■ **Input material**:
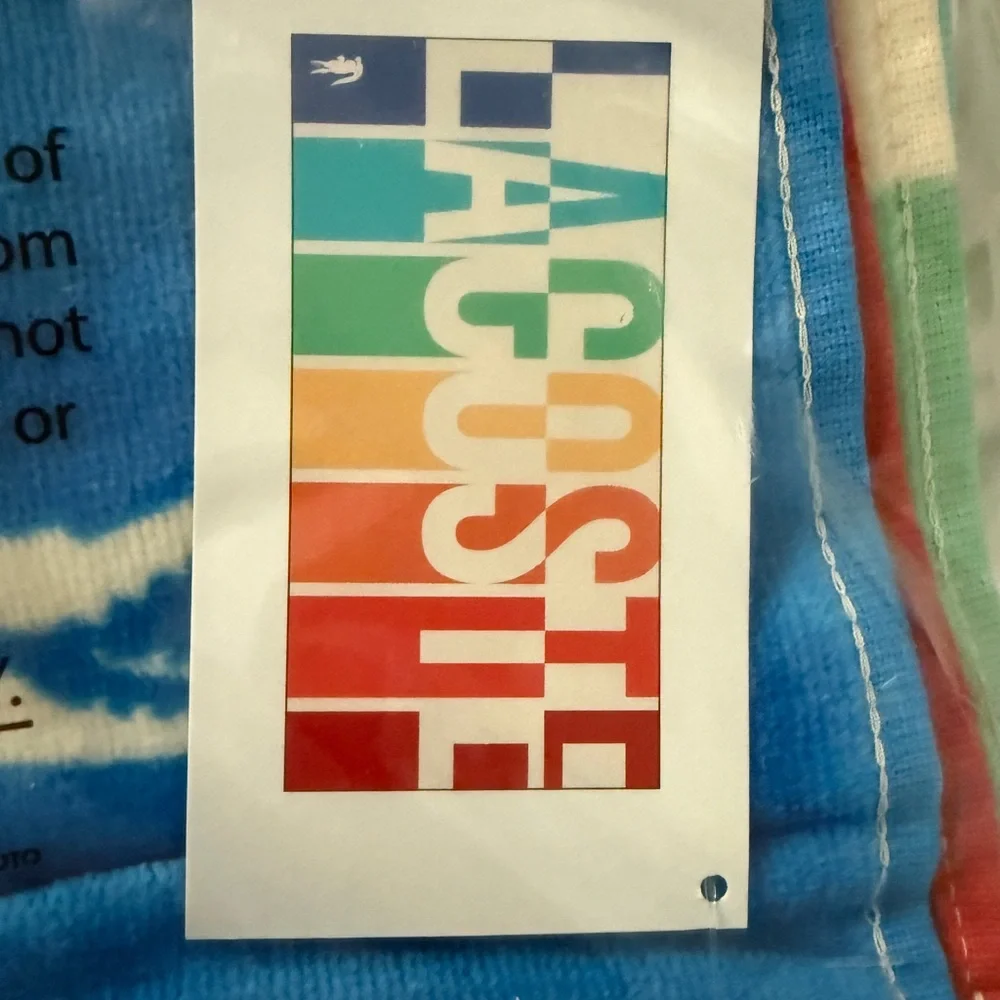 🆕 Lacoste Rainbow Logo Cotton Beach Towel 36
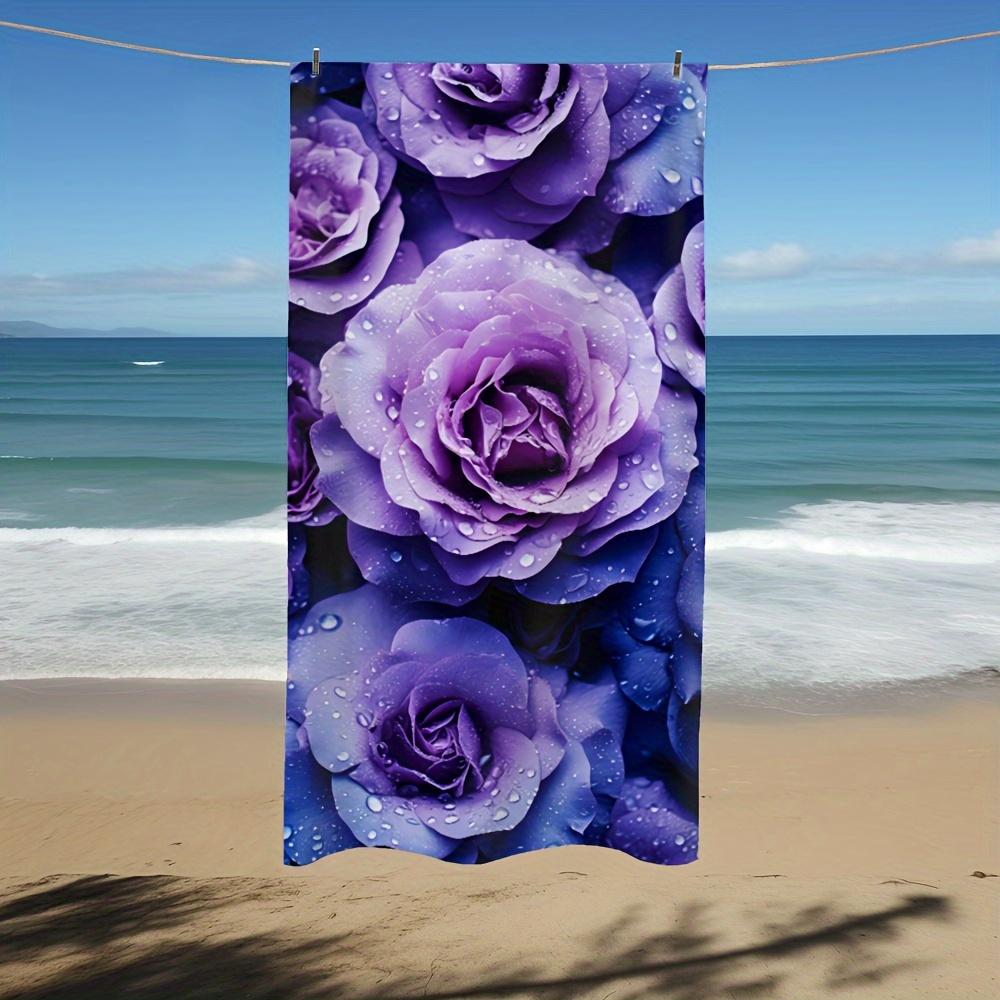 Purple Rose Print Beach Towel, Beautiful Comfortable Bath Towel Holiday Beach Gift for Her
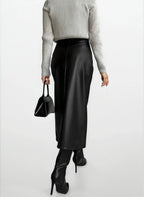 Leather Look Split Skirt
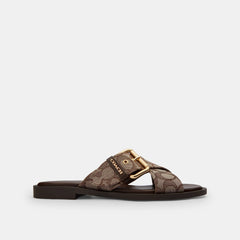 Coach Outlet Crisscross Buckle Sandal In Signature Jacquard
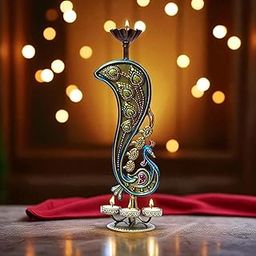Kraftskala Handcrafted Peacock Tealight Candle Holder – Iron Tabletop Showpiece for Home Decor & Office | 17 Inch T-Light for Diwali Navratri Festival Gift-image-30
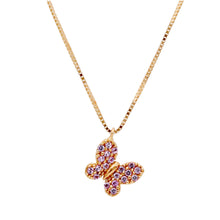 Load image into Gallery viewer, Butterfly Pink Zirconia Pink Gold Necklace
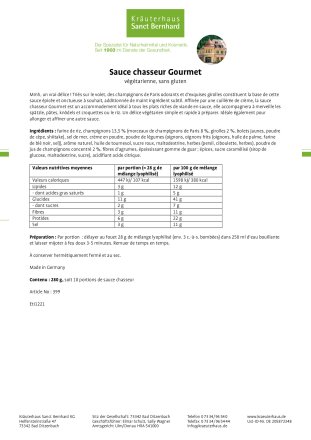Sauce chasseur Gourmet 280 g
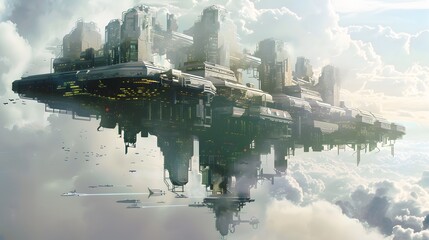 1. A concept art of a floating city in the sky, with intricate details and modern design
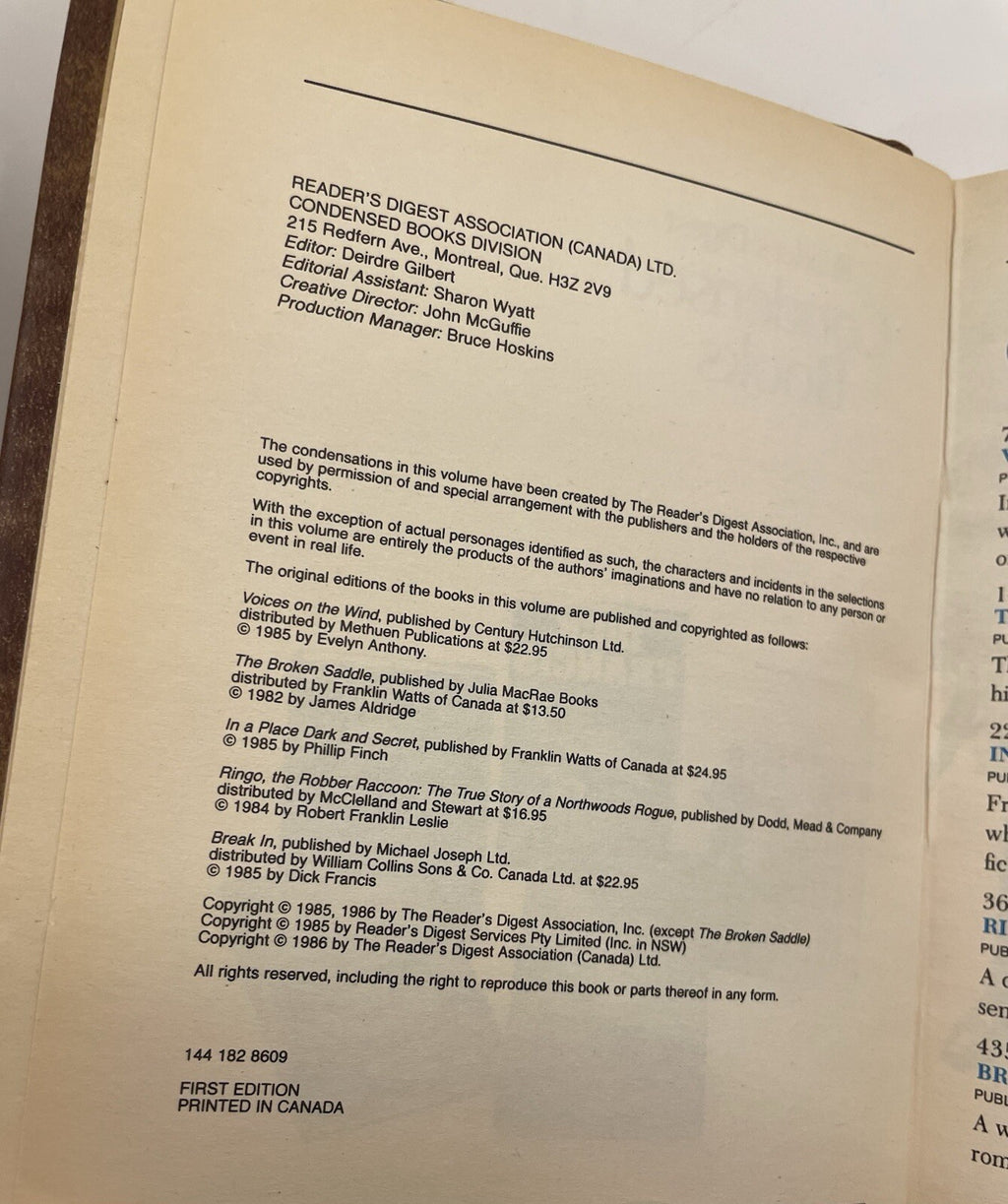 Reader’s Digest Condensed Books 1st Ed 1986 Leather Bound w/ Gilt Edges - NM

■ **Problem description**: Write out, exactly, the lines of the material from the very first through the line containing "Coach Outlet Crisscross", and leave out every picture.

■ **Solution**:
 🆕 Lacoste Rainbow Logo Cotton Beach Towel 36
 Purple Rose Print Beach Towel, Beautiful Comfortable Bath Towel Holiday Beach Gift for Her
 Leather Look Split Skirt
 Coach Outlet Crisscross Buckle Sandal In Signature Jacquard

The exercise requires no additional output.